- THE PROBLEM -
Leave out the pictures and set down the rest of the listing below word for word.

- DATA -
------------------------------------

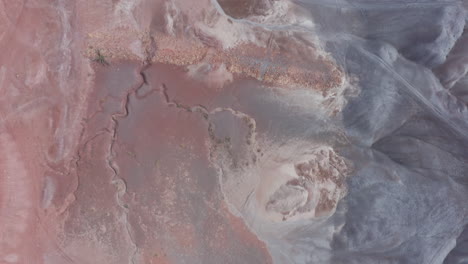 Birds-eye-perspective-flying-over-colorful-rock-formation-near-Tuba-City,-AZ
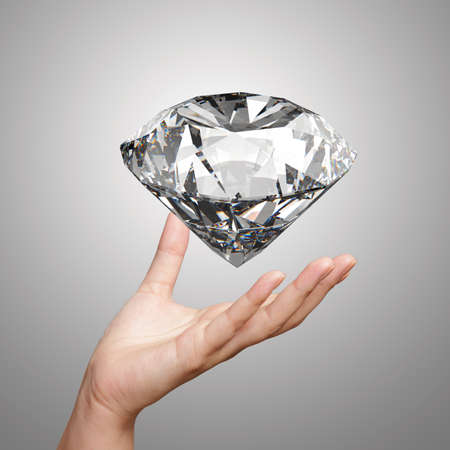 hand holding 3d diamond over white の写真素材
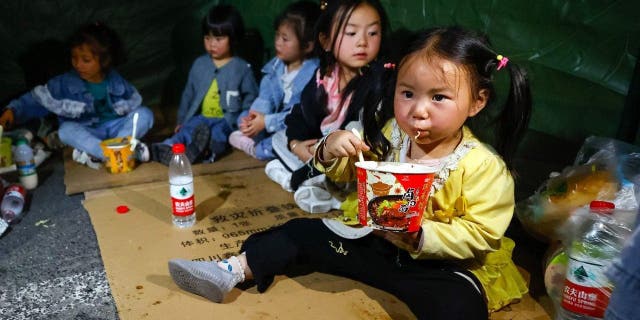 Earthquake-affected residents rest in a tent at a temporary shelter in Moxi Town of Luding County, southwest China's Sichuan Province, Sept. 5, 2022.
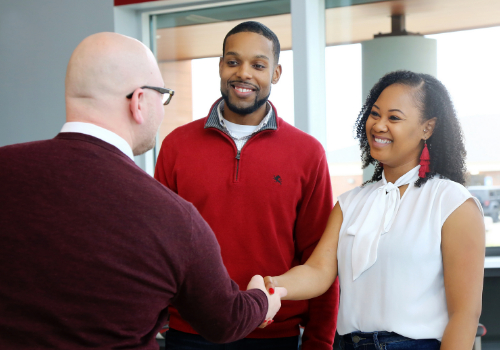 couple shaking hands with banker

------------------------------------

- YOUR RESPONSE -
 Birds-eye-perspective-flying-over-colorful-rock-formation-near-Tuba-City,-AZ
 hand holding 3d diamond over white の写真素材
 Earthquake-affected residents rest in a tent at a temporary shelter in Moxi Town of Luding County, southwest China's Sichuan Province, Sept. 5, 2022.
 couple shaking hands with banker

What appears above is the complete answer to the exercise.